Out of a litter of five the two girls have a home and will likely be going this week. The three boys and mama not so much. I love cats, but I can't keep them all (and really shouldn't keep any at all as we don't have the space for them to run and be kitties). I'd really like to find homes for all of them. I'm willing to deliver between trenton/kingston/cornwall/montreal/ottawa. 

http://www.catforum.com/forum/41-meet-my-kitty/140595-smokey-her-litter.html

pictures are posted here! 

Thanks for thinking of us.:catmilk


----------



## Cat24 (Mar 18, 2010)

Just found out a scary bit of news that makes me that much more convinced that I did the right thing for these guys taking them home with me...

The people who had these guys before me also have two dogs, looks like the daughter 13yo stabbed one with an axe handle last week(I got a call to take the dog to the vet{apparently the dog went out back and came back with a silver dollar sized hole in her side} because the parents were out of town and the daughter was home alone with the dogs) 

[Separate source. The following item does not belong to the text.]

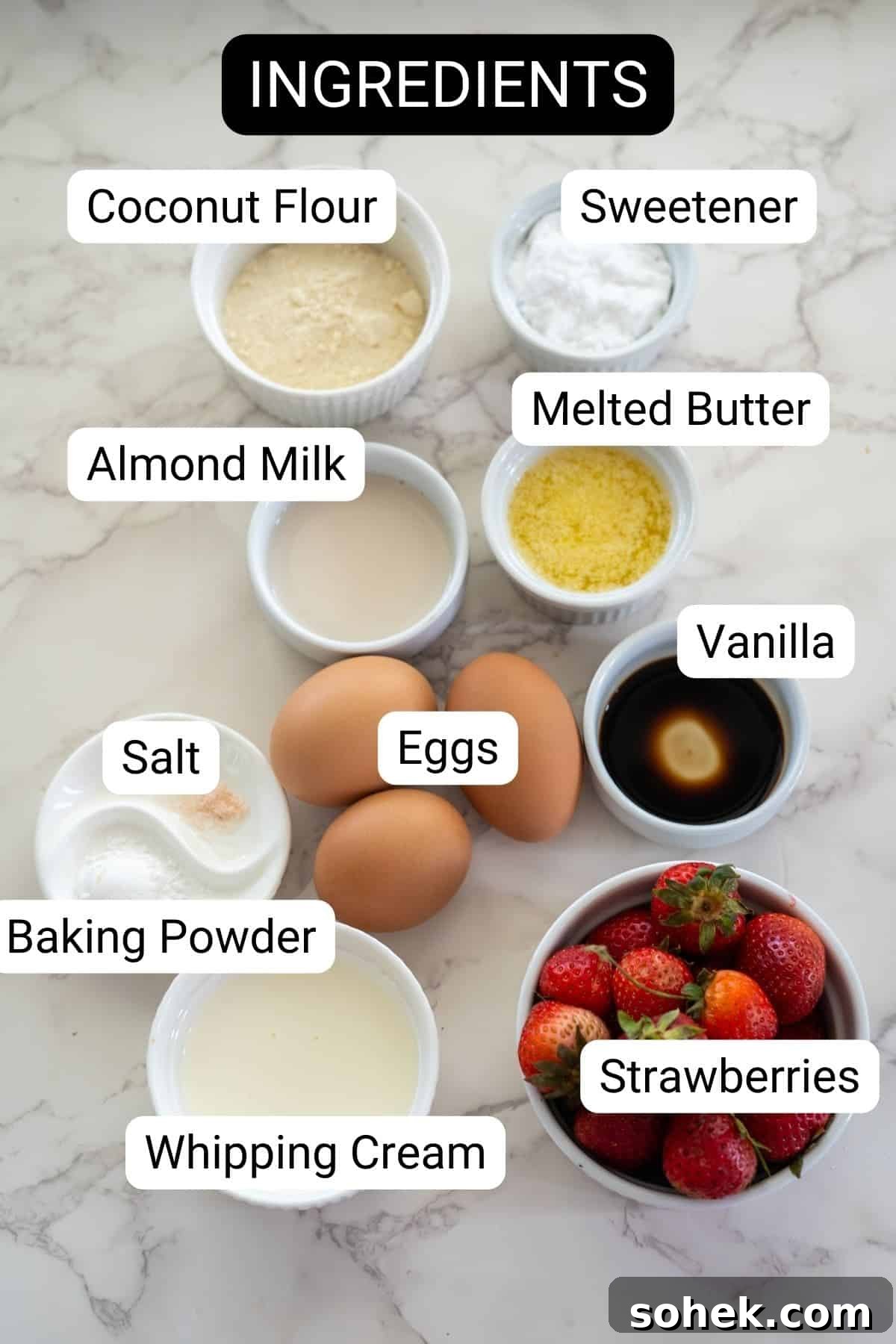 Strawberry Cream Cupcakes: Moist Vanilla Cupcakes with Fresh Strawberry Frosting 3 Ingredients for strawberry cream cupcakes laid out on a marble surface, including coconut flour, sweetener, almond milk, melted butter, vanilla, salt, baking powder, whipping cream, eggs, and strawberries.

I'm so very very very glad that these cats do not have to live with that psychotic child.


----------



## Cat24 (Mar 18, 2010)

anyone?


----------



## Lenkolas (Jan 18, 2011)

WHAT? she stabbed the dog with an axe!? oh my, I felt like fainting when I read that, I just can't believe it.

I'm happy you're finding homes for the kittens, (specially 'cause is so hard not to keep them all!) good luck with everything. I'd adopt one if we weren't that far 

hugs!


----------